The advertisement tenders floated by the BBMP in the last week of July were cancelled by the Greater Bengaluru Authority (GBA) following a lack of interest from bidders, a well-placed source in the civic body told The Hindu. Although the pre-bid meeting was attended by over 50 companies, only two firms expressed interest in participating.
The BBMP had divided the tenders into eight packages, meaning each firm would hold advertising rights in one specific zone of the civic body.
“Although two companies showed interest, neither of them completed the tender process. We couldn’t proceed with the bidding,” the source said. However, officials had anticipated the firms’ disinterest.

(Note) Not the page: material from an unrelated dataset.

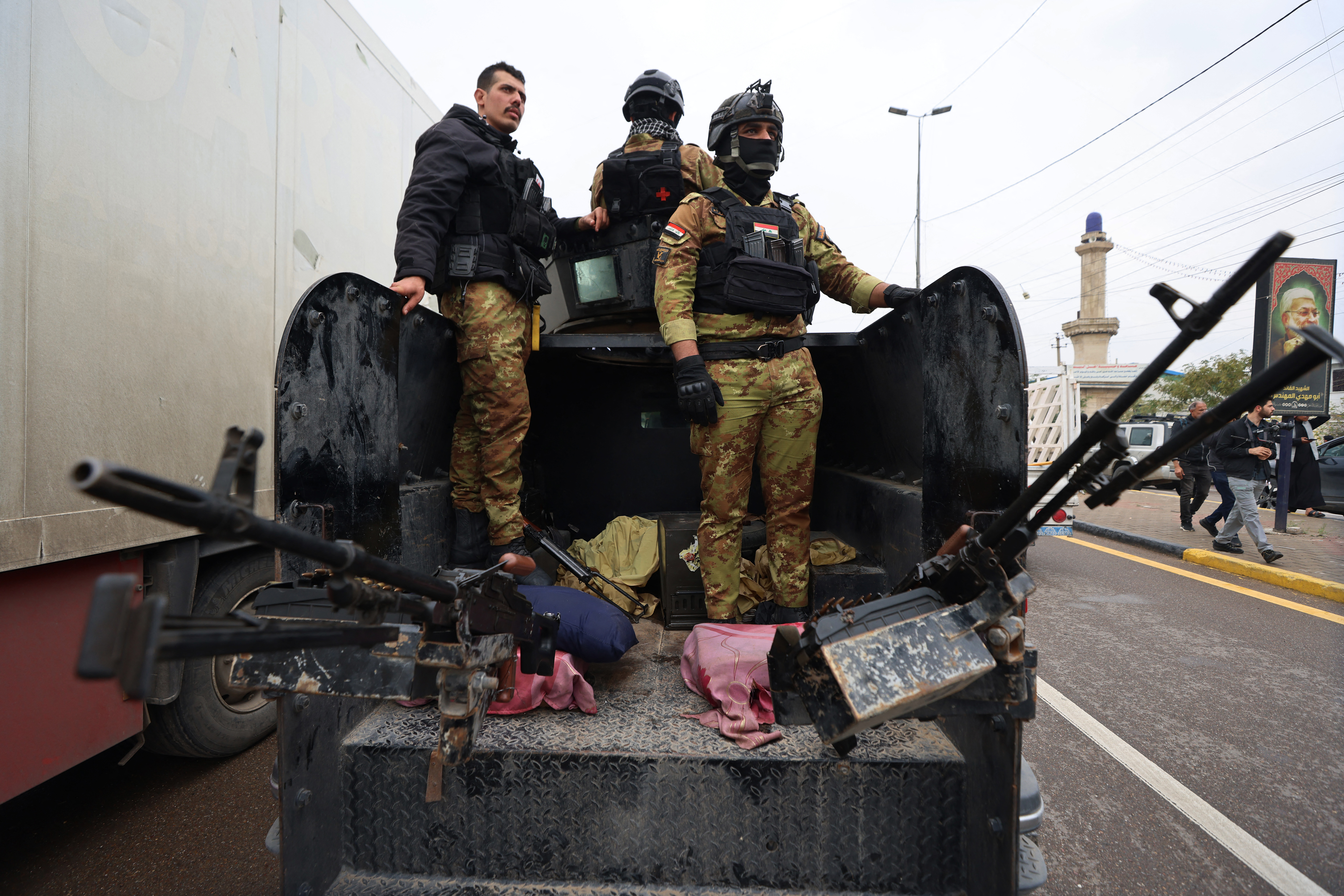 Members of Iraqs Hashed al-Shaabi, an alliance of factions now integrated into the regular army, guard the streets during the funeral for members of the Hashed al-Shaabi Forces in Baghdad on March 24, 2026. Fifteen fighters from the Hashd al-Shaabi were killed before dawn on March 24, in an American strike on Al-Anbar province in western Iraq, according to an updated death toll published by this alliance of former paramilitaries, which includes pro-Iranian groups. Iraq has been drawn into the Middle East war triggered by the US-Israel attack on its neighbour Iran on February 28. (Photo by AHMAD AL-RUBAYE / AFP)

Modelled on Delhi’s advertising laws, the Karnataka government’s advertisement bylaws required the winning bidder to pay an upfront fee equal to five times the bid amount. This particular clause was flagged by the firms during the pre-bid meeting. The rule, considered a “costly affair”, discouraged smaller companies from participating even before the process began.
Setback for tunnel roads
This is a setback for the State government’s big-ticket Tunnel Road project as well. B-SMILE, which has received a sanction from the Housing and Urban Development Corporation (HUDCO), had promised to transfer advertisement revenue, along with premium Floor Area Ratio (FAR) revenue, towards loan interest payments. Now, with firms showing disinterest, the onus is on the GBA to come up with rules that attract and encourage advertising companies, especially with the loan sanction at stake.
Advertisers’ concerns
An advertising company owner noted that civic body tenders have traditionally attracted wide participation from local firms, but this one’s “unnecessarily high costs” kept them away.
“There were also technical flaws, such as limited time to obtain the No Objection Certificate (NOC) from the advertising department and the absence of clear instructions on how to apply for fresh advertising rights,” he said, adding that the new bylaws required firms to obtain fresh rights. According to GBA sources, only 10 firms applied for these new advertising rights.
Additionally, obtaining an NOC from the advertising department required the submission of historical documents to verify the company’s track record, something most local firms lacked. Similar concerns were raised before the civic body.
Adding new rules
The source told The Hindu that the civic body has now gone back to the drawing board to frame new rules.
“All the requisitions from companies have been taken into account and the civic body is revisiting the laws to identify gaps. Changes can be expected wherever absolutely necessary,” the source said, adding that the revisions aim to address flaws in the existing bylaws.
Meanwhile, local firms are closely watching developments and hope the GBA will address the high-cost concerns and make room for smaller players.
The GBA is yet to decide who will float the new tenders, the newly formed corporations or the GBA.